(Scraped caption text data)
*****
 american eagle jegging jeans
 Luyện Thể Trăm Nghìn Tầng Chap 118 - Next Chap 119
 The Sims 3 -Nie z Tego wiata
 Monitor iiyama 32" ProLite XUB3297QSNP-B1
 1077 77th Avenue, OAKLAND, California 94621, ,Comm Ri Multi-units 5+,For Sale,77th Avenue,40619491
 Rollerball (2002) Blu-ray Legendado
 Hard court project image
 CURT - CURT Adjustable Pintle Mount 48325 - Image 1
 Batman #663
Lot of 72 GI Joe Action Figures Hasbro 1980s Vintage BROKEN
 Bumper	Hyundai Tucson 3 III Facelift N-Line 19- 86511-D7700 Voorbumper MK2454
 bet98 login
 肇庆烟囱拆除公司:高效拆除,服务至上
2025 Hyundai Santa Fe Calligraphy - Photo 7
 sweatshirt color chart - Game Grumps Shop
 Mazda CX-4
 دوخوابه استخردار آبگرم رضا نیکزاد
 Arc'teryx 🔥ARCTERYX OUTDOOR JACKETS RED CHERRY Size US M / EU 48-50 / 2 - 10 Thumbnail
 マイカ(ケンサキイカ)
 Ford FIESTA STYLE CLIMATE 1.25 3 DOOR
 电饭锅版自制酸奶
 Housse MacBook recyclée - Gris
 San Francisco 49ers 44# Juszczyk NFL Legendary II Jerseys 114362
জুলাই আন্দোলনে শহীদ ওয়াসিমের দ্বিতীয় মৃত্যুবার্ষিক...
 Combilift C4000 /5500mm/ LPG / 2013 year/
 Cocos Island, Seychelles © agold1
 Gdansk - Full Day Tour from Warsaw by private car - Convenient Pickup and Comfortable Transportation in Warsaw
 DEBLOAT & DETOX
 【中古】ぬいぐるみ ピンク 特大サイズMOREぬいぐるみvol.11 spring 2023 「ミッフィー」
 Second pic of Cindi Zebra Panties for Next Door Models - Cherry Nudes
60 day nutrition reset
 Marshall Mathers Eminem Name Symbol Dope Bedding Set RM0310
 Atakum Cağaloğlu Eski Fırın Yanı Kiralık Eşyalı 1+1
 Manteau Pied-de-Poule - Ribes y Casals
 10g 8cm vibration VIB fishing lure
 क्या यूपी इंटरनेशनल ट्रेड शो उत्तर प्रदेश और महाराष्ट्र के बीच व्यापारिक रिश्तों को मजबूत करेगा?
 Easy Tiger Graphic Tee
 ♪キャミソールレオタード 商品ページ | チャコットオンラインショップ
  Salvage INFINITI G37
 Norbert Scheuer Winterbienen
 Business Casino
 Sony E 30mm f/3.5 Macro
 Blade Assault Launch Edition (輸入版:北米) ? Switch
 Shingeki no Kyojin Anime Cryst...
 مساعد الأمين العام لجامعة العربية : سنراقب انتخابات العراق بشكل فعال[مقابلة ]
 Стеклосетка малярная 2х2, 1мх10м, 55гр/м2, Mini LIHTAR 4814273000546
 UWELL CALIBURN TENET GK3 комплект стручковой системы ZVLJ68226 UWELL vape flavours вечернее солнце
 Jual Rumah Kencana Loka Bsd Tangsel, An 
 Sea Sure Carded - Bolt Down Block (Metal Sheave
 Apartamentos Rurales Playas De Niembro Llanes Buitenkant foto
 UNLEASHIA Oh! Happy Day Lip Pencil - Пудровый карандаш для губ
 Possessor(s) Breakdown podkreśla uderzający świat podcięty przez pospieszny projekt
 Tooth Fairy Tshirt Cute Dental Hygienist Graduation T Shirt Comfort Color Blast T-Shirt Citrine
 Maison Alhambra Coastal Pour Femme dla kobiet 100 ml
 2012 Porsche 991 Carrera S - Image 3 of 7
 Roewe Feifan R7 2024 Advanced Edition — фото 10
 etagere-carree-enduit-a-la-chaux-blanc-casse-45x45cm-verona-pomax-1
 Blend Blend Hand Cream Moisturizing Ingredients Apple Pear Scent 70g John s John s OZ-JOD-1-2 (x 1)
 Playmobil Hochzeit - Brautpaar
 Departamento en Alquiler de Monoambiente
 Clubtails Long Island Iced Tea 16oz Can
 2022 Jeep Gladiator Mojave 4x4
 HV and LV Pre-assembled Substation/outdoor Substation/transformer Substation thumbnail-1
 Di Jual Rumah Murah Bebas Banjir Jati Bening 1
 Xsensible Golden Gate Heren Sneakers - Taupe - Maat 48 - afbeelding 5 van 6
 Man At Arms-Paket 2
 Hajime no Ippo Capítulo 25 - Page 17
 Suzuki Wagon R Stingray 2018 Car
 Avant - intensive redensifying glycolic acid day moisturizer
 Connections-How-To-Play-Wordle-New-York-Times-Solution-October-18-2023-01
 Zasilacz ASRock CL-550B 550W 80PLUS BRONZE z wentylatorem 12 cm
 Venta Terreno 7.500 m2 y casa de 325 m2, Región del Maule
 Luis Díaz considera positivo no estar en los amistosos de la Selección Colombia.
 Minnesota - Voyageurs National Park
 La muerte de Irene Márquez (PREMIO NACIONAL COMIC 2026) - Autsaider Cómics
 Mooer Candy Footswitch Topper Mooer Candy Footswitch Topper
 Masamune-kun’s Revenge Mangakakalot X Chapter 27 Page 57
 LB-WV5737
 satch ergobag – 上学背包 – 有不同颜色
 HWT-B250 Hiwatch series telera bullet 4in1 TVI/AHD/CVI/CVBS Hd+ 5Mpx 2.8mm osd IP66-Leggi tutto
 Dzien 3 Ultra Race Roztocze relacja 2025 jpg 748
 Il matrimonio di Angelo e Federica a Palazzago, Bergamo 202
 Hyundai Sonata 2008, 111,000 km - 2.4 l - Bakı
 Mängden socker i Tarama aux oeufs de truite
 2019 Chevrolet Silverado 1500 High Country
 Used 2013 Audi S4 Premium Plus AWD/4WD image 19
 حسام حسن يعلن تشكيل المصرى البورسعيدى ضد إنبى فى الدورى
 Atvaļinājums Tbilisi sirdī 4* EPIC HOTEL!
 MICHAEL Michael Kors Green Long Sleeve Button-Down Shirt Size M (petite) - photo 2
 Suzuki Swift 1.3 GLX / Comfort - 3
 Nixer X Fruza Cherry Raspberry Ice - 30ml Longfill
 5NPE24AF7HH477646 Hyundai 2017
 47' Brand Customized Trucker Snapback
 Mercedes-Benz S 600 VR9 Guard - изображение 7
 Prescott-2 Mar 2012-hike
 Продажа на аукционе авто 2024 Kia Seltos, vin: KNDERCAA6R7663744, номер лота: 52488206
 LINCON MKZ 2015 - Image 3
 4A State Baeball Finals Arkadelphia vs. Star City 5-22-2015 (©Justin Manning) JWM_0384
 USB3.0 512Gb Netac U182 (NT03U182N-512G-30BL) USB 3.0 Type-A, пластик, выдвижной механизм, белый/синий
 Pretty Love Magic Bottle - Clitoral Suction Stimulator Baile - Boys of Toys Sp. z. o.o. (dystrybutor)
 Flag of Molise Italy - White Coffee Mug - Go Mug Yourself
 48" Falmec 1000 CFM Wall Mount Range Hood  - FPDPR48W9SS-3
*****
** WHAT YOU SHOULD DO **
Nothing but the lines from the first line of the data through the line with "Lot of 72 GI" should be returned, exactly as they appear, both ends included.

** SOLUTION TO THE EXERCISE **
 american eagle jegging jeans
 Luyện Thể Trăm Nghìn Tầng Chap 118 - Next Chap 119
 The Sims 3 -Nie z Tego wiata
 Monitor iiyama 32" ProLite XUB3297QSNP-B1
 1077 77th Avenue, OAKLAND, California 94621, ,Comm Ri Multi-units 5+,For Sale,77th Avenue,40619491
 Rollerball (2002) Blu-ray Legendado
 Hard court project image
 CURT - CURT Adjustable Pintle Mount 48325 - Image 1
 Batman #663
Lot of 72 GI Joe Action Figures Hasbro 1980s Vintage BROKEN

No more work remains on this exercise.